Asked whether the ACTU should distance itself from the Construction, Forestry, Mining and Energy Union, which has faced 118 separate legal proceedings in various courts around Australia, ACTU secretary Sally McManus responded, “There’s no way we’ll be doing that”.

“The CFMEU, when they’ve been fined, they’ve been fined for taking industrial action,” she told ABC’s 7.30 Report. “It might be illegal industrial action according to our current laws, and our current laws are wrong. I believe in the rule of law when the law is fair and the law is right.

“But when it’s unjust I don’t think there’s a problem with breaking it.

“It shouldn’t be so hard for workers in our country to be able to take industrial action when they need to.

“Quite often these workers have stopped when a worker has been killed on a building site.”

The fact is that there are oppressive laws which take away the rights of the people. During the wharfies’ dispute in 1998 when the then Howard government tried to bludgeon the Maritime Union off the waterfront, Victorian Supreme Court judge David Beach issued an injunction which banned anyone from going within 200 metres of Swanson Dock in Melbourne.

The injunction not only illegalised pickets but in effect outlawed free speech. Even journalists were banned from going inside the 200 metre limit. Taking photographs was also banned. Seeing the anti-people nature of the injunction, civil libertarians and members of the public spoke out and branded the injunction as undemocratic which had to be opposed and fought against.

There are many other examples.

In 1954 the Menzies government passed legislation taking away the then existing rights of the Waterside Workers’ Federation to recruit labour to the waterfront. The WWF went on strike against this legislation and stated they would oppose its implementation. The ACTU declared that any person who made use of this bad, anti-union legislation would be branded as an “industrial renegade” – a polite term for scab.

Although the legislation became law it was never used by the government or the employer. It was a bad law and it was rightly defeated.

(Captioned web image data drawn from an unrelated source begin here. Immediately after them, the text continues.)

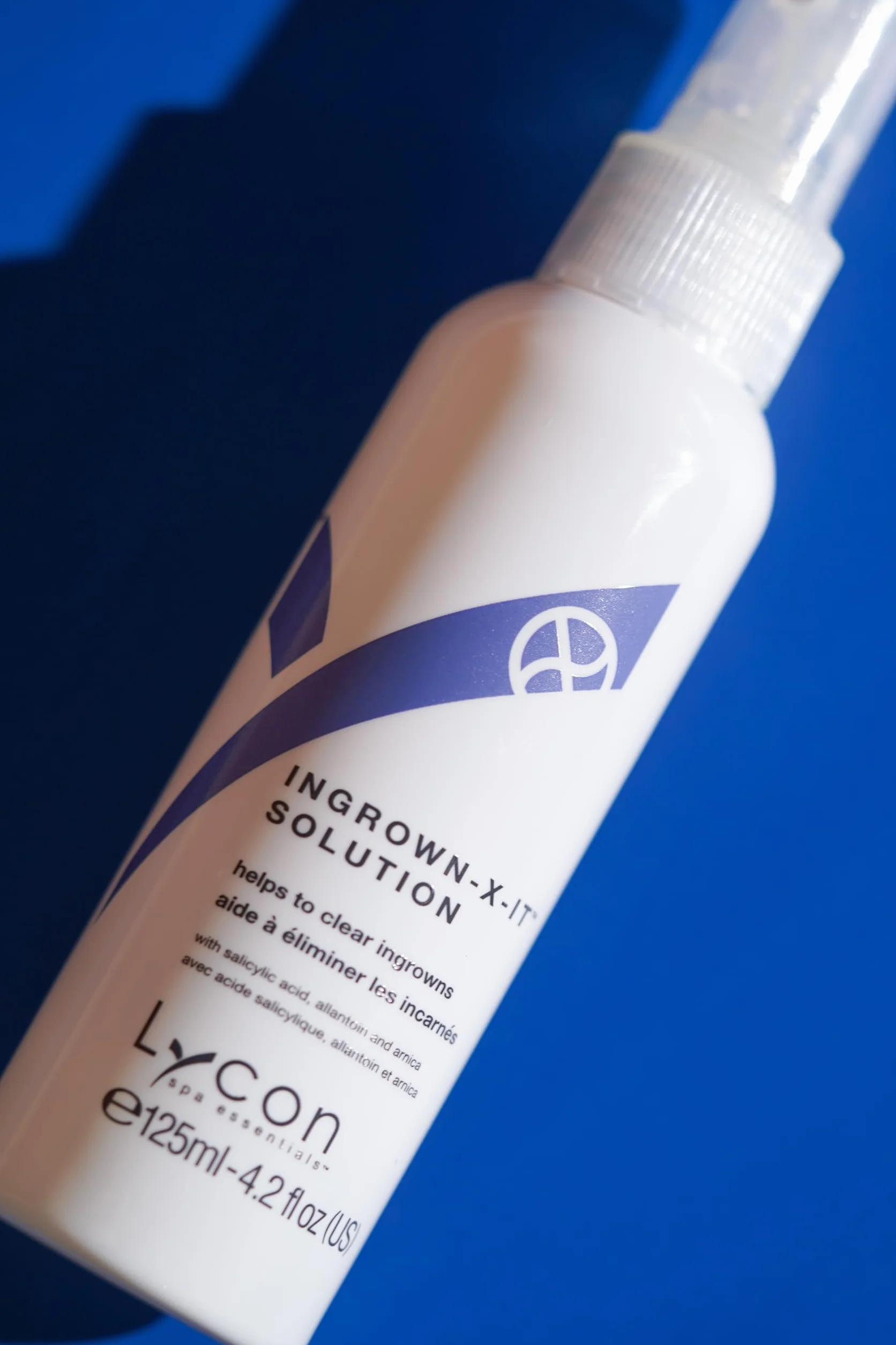Lycon Ingrown-X-It Solution, lekki serum do wrastających włosów w sprayu, łagodzi po woskowaniu i goleniu, 120 ml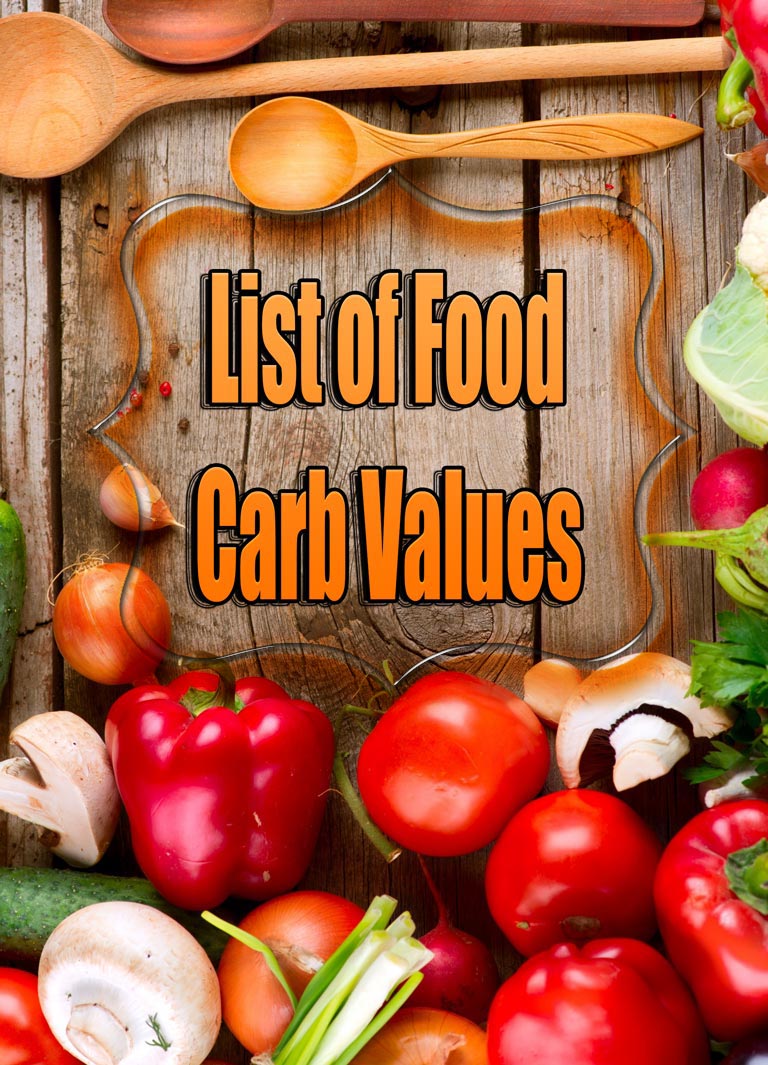 List of Food Carb Values
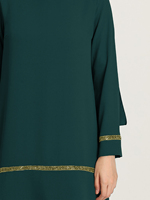 Tenue islamique pour femmes, tunique à manches longues et sequins, ensemble de pantalons à jambes larges, caftan de Dubaï, hijab turc musulman, vêtements pour femmes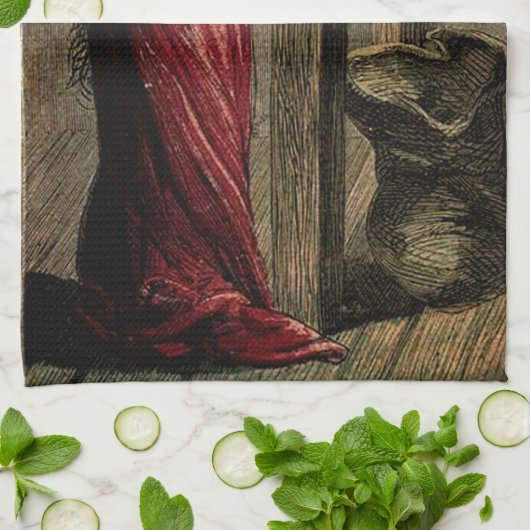 Vintage Fairy Godmoeder Theedoek (Gevouwen)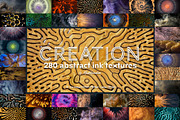 Creation - 280 abstract ink textures, a Background Graphic by Madebyvadim (Thumbnail 1 of 16)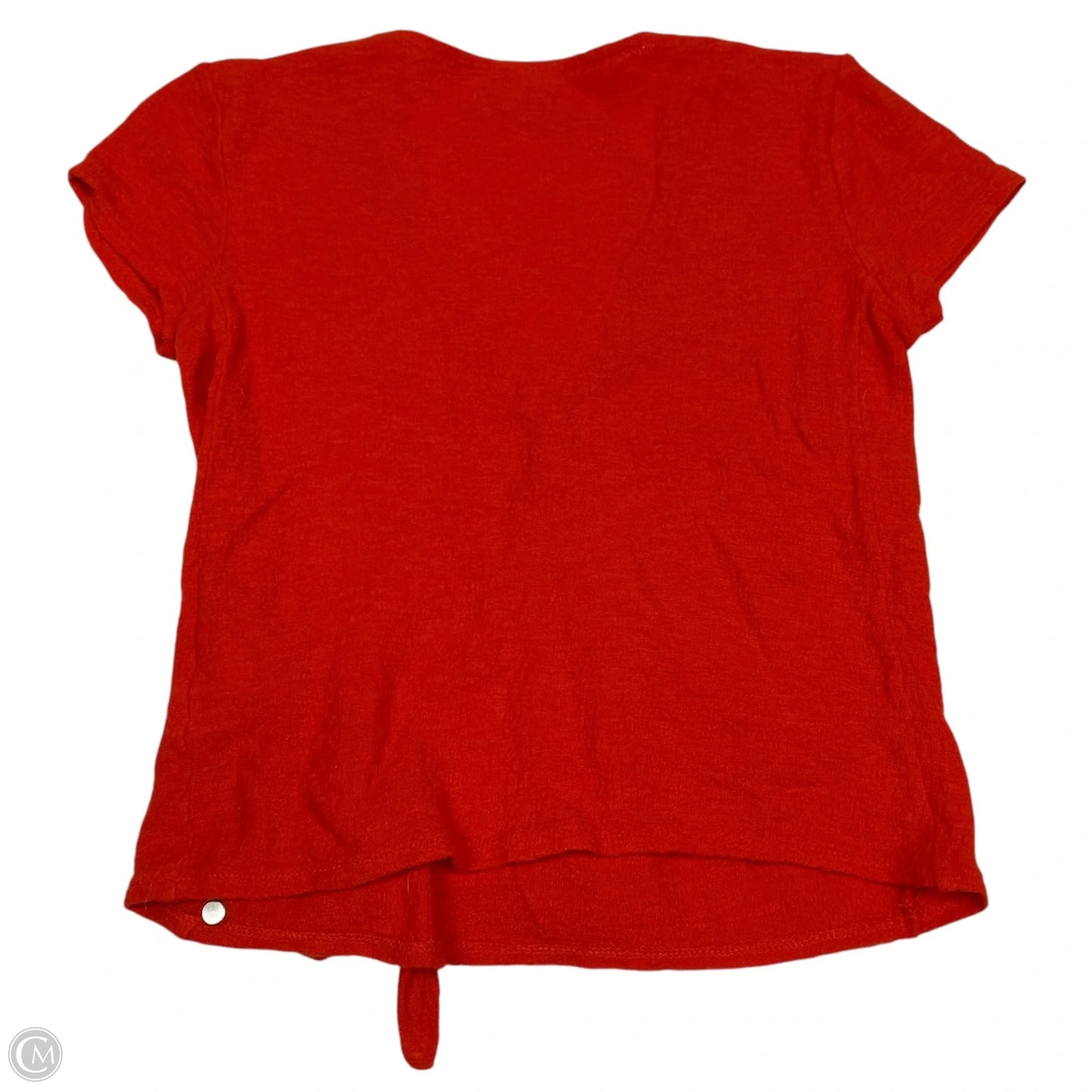 Top Short Sleeve By Madewell In Orange, Size: Xs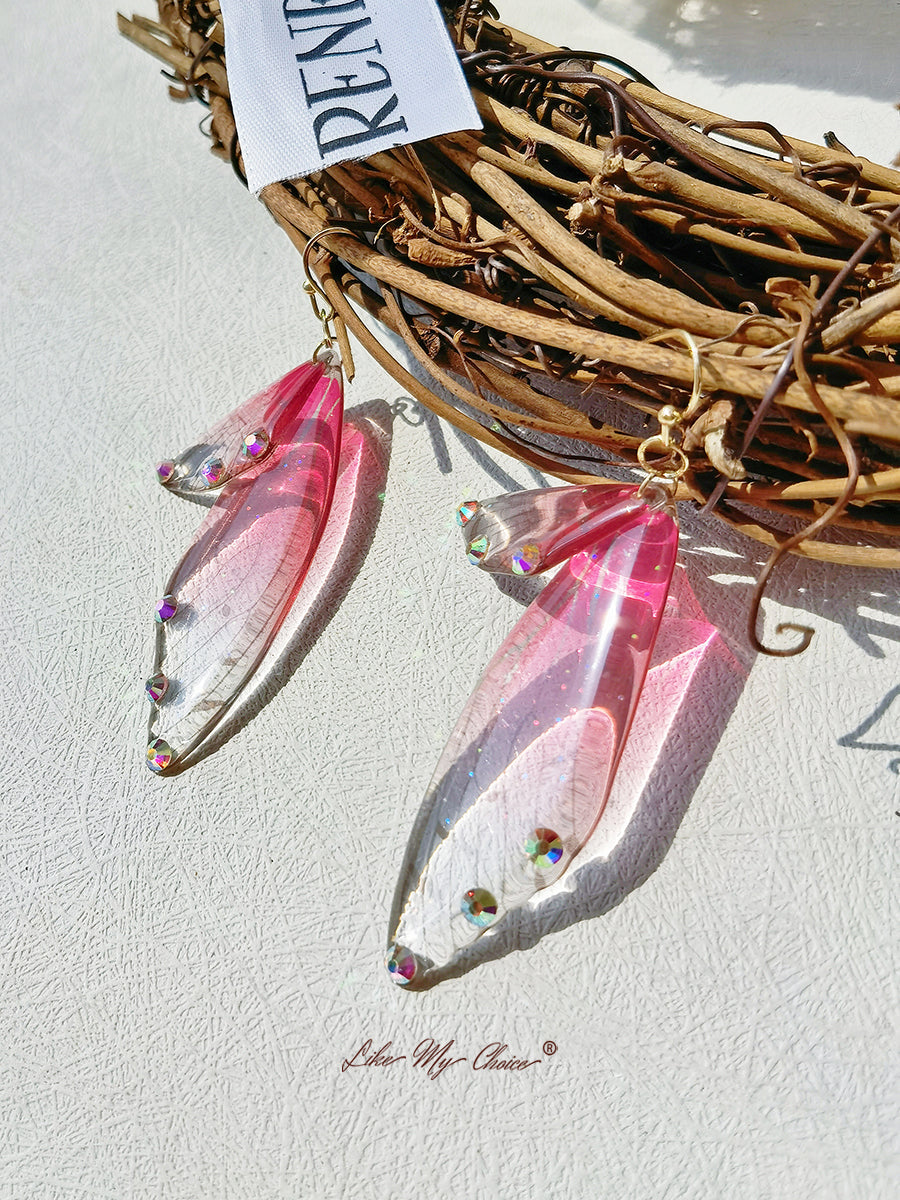 Butterfly Wing Handmade Crystal Diamond Earring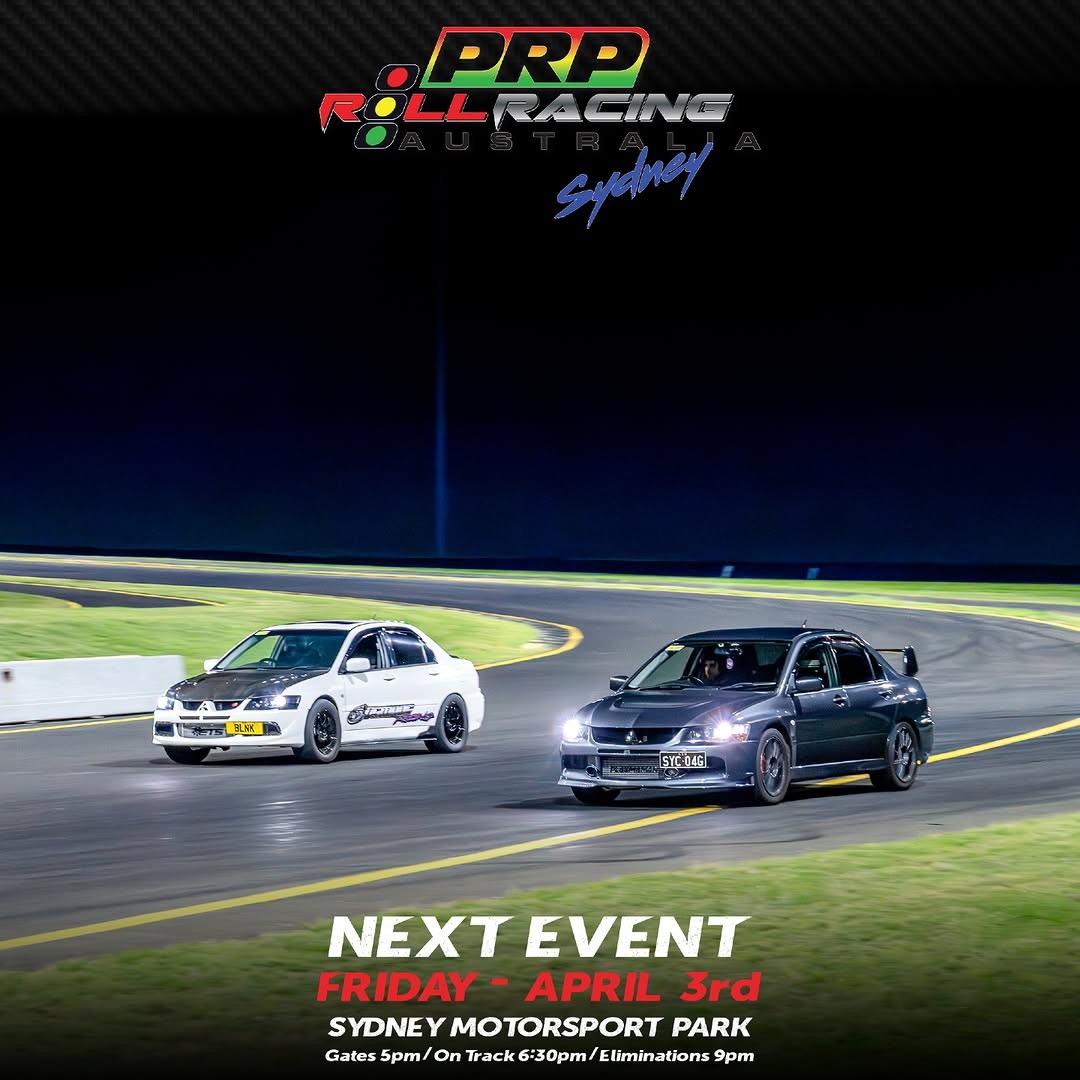 PRP Roll Racing Sydney — JDM/Muscle track day in Sydney, NSW on Friday 3 April 2026
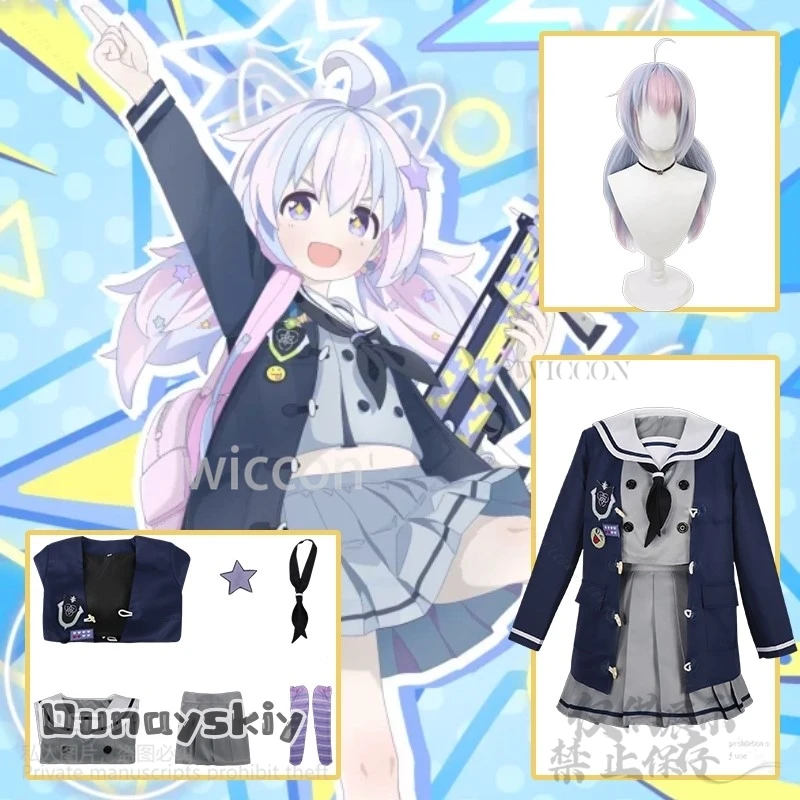 Anime Game Blue Archive Cosplay Uzawa Reisa Kawaii Loli Japanese Girls JK School Uniform Dress Lovely Lolita Wigs Role-play Suit
Anime Game Blue Archive Cosplay Uzawa Reisa Kawaii Loli Japanese Girls JK School Uniform Dress Lovely Lolita Wigs Role-play Suit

In 1968, Clarrie O’Shea, secretary of the Victorian Tramways Union, was jailed for contempt of court when he refused to bow to the then existing anti-union laws. A general strike erupted in protest and he was soon released. From then on for many years these laws, imposing heavy penalties on the trade union movement, were shelved and not used.

The demand that everyone should abide by the law when that law is oppressive and takes away the democratic rights of the people is a reactionary demand and in effect takes away the right of the people to reject and fight against attacks on democratic rights, such as to oppose racism.

Judge Beach’s injunction was an attack on the right of everyone in the community to free speech and the right to assembly, picket and protest.

Laws which take away the democratic rights of the people – the right of workers to organise being fundamental – which attack the social, economic and political interests of the people must be opposed.

The demand of the Turnbull government that everyone submit to their bad laws has to be rejected.

When oppression becomes the way of governments, resistance becomes a duty.